Unlike China, India is lucky to be at the intersection of two significant trends—a young population that comprises our “demographic dividend”, and nearly three decades of experience at creating high-value jobs in IT.
But we’re coasting along on the fumes of the latter, which is already turning the former into a ticking time bomb. Millions of students entering and graduating from colleges are basing their outlooks on an increasingly outdated construct of jobs, careers and employers.
Today, more than a million engineers graduate every year, most with their eyes set on a career as a software engineer. Why? Because their parents saw India’s IT boom happening right in front of their eyes.
However, while India’s IT industry employs around 4 million people today, the number of engineers graduating every year is far more than the IT industry needs. In 2006-2007, India produced around 500,000 engineering graduates, according to figures from the All India Council for Technical Education (AICTE). By 2017, 1.5 million engineers were graduating annually, most of whom the IT industry simply had no room for. As a result, campus placements for graduates of AICTE-affiliated engineering colleges now hover around the 40% mark.

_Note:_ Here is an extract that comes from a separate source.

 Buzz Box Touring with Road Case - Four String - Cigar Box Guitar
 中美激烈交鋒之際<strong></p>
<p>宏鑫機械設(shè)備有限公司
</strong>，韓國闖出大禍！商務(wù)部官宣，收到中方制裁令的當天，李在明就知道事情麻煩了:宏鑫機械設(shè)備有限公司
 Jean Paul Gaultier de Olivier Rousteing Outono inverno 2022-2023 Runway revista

The advent of the IT industry changed the face of the middle-class India completely. By the early 2000s, an IT job was the default path to ‘safe’ employment for most-middle class Indians, in many cases even usurping the previous claimant of that throne, the hallowed government job.
But nearly two decades of growth has led to many myths and misconceptions that students often buy into.

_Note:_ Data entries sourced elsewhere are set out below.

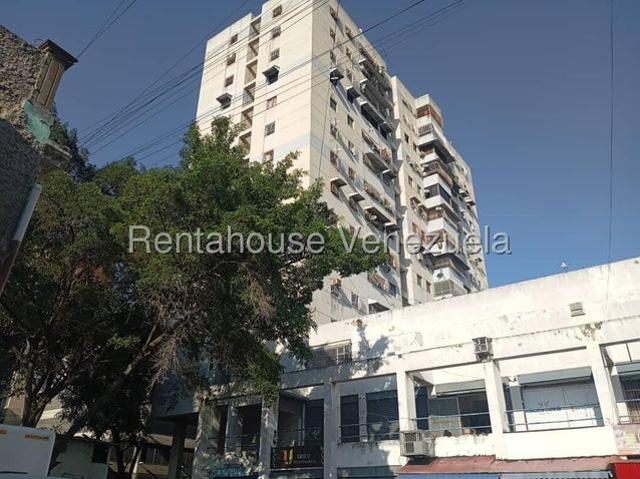 VENTA QUINTA CRESPO #26 17393 En el Corazón de Quinta Crespo, te presentamos este Apartamento muy Iluminado y Ventilado, con una excelente distribución, Cerca de todos los servicios, fácil movilidad a diversas zonas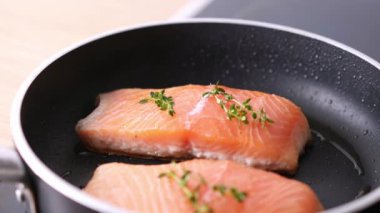 Kızarmış somon balığı. Tavada somon pişiriyorum. Yüksek kalite 4k görüntü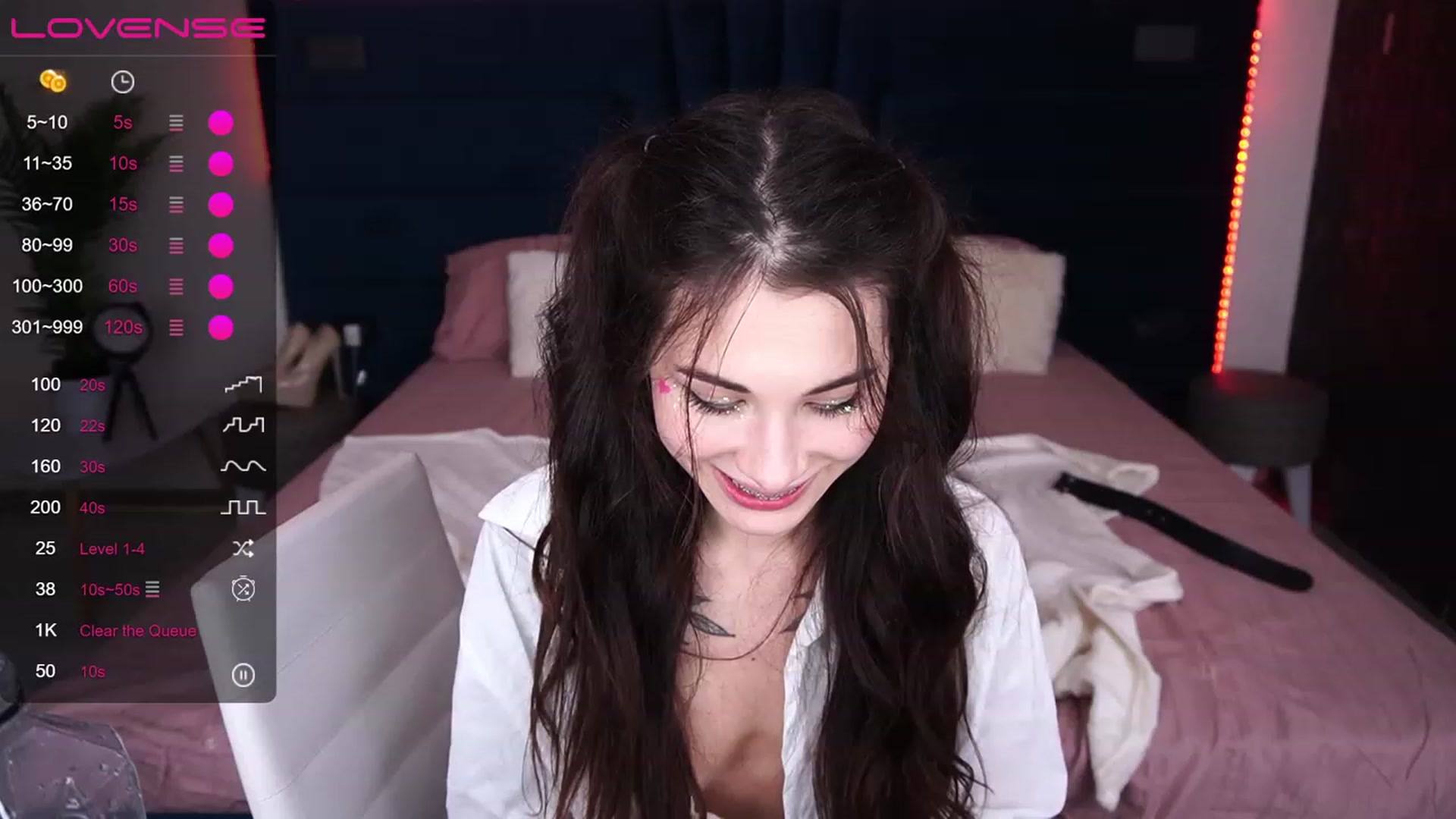 Gallery image thumbnail from ReginaJam's myfreecams stream on, 11/18/2022, 20:10 image 11 of 20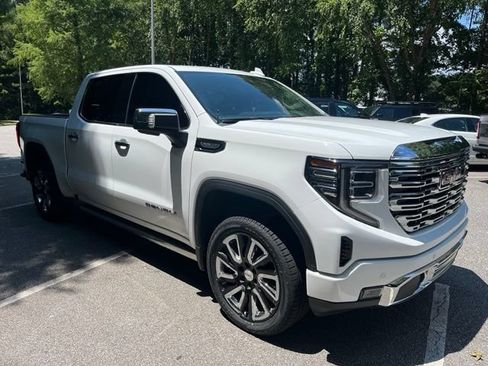 Used 2022 GMC Sierra 1500 Denali AWD/4WD image 2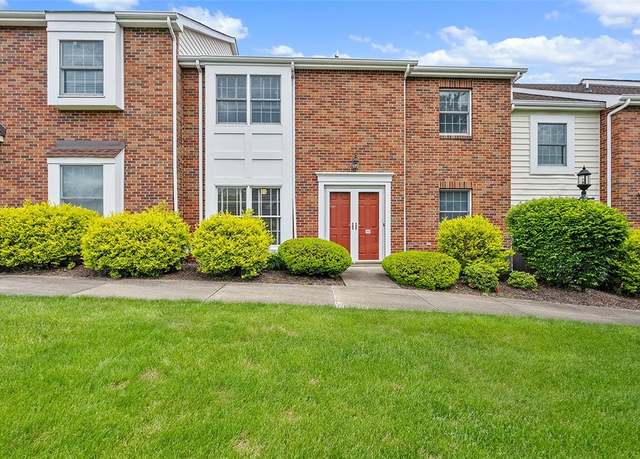 Property at 103 Boxwood Ct, Peters Twp, PA 15317, 3 beds, 3 baths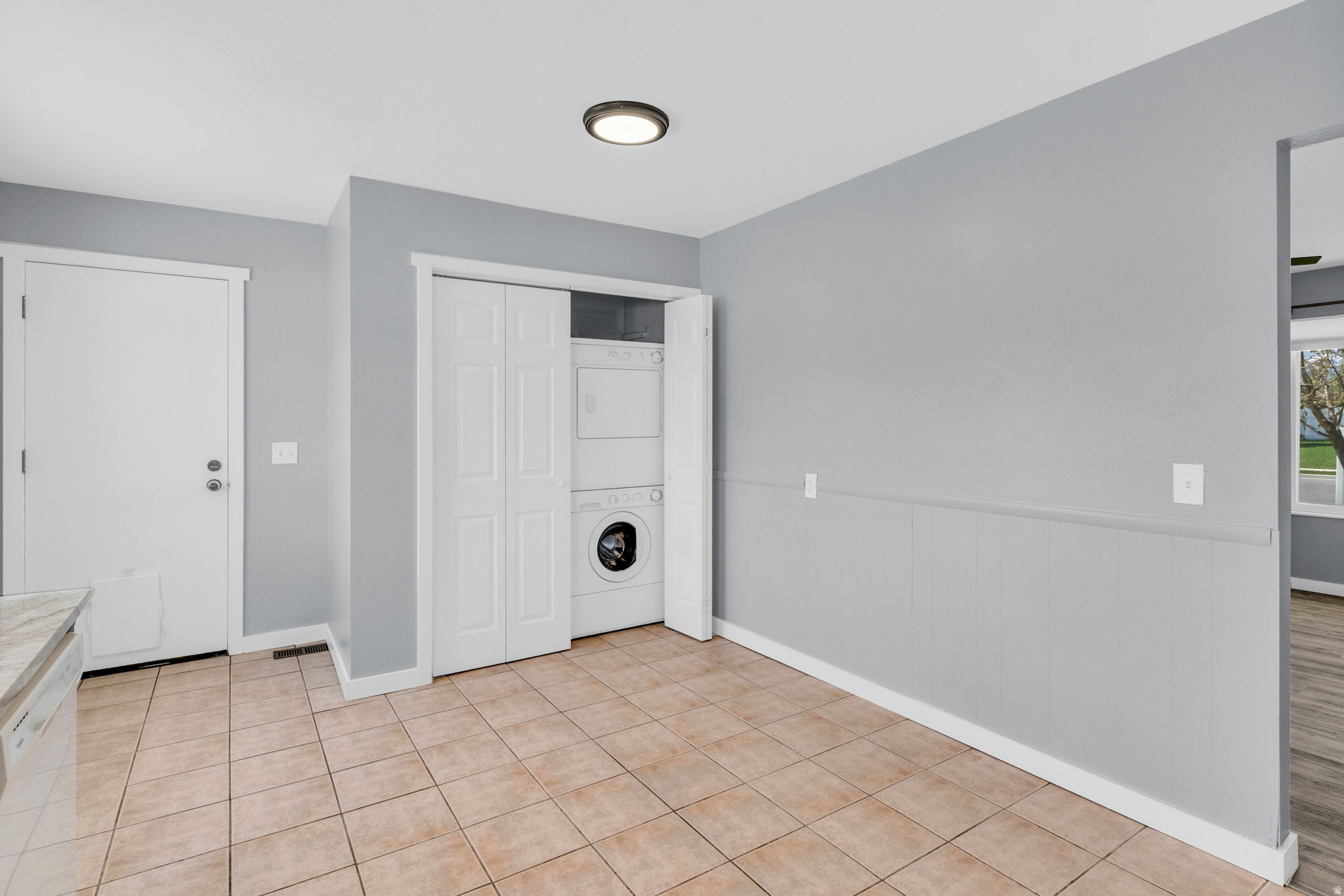 RIVERTON HEIGHTS - Residential
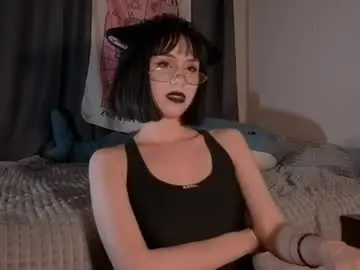 Chaturbate Live Sex Cam of meowmysta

All software jobs are similar
Similar opportunities to travel abroad, similar salaries, and job security.
This myth exists because students and professionals do not spend nearly as much time as they should to understand the business models of their potential employers.

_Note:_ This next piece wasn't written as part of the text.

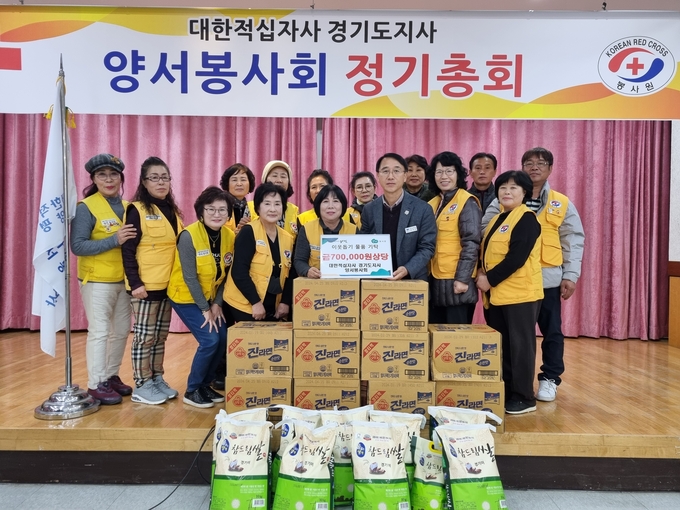 양평군 양서면이 지난 6일 대한적십자사 경기도지사 양서봉사회(회장 박태숙,이하 양서적십자)로부터 쌀 10kg 10포와 라면 10박스를 기탁받았다. (사진=양서면 행정복지센터 제공)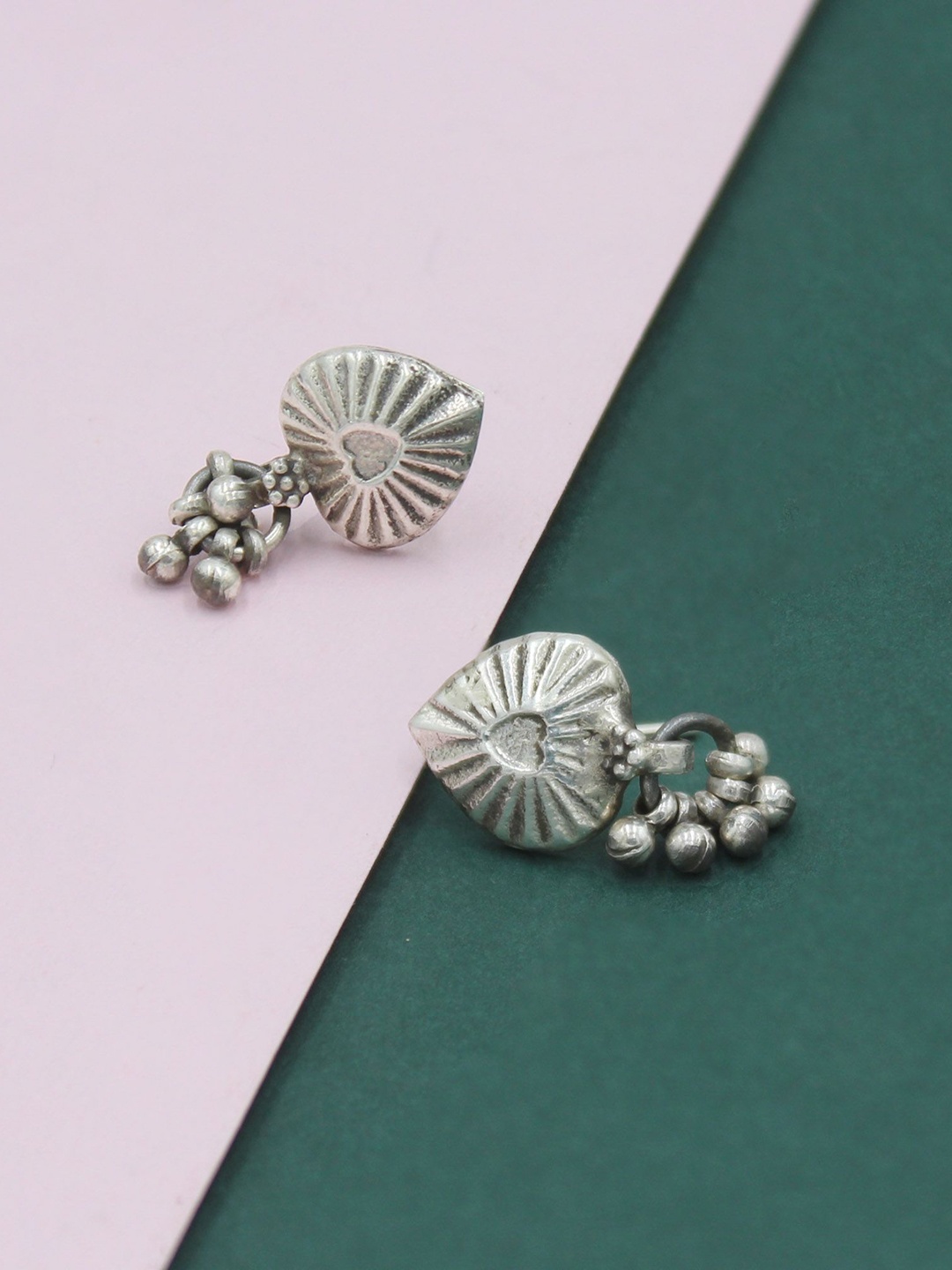 

SANGEETA BOOCHRA Silver Heart Shaped Drop Earrings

Most IT companies make money through hardware and software, but the devil is in the details.
Some make money by building software, like Microsoft does with Office and Google does with Gmail. Others, like Intel and Samsung, focus on hardware, designing and manufacturing everything from microchips to smartphones. A third broad category of companies builds software that allows them to offer services at unprecedented scale. For example, Uber and Amazon.
These days, most large companies do all three to one degree or another. Because the combination of hardware, software and services is what is typically called a product. And everything these days revolves around great products.
Great products generally help the people using them save time, money and effort; e-commerce products like Flipkart and Amazon let you buy things quickly and cheaply, ridesharing products like Ola and Uber simplify commuting while office productivity products like Word and Excel make writing and accounting easier.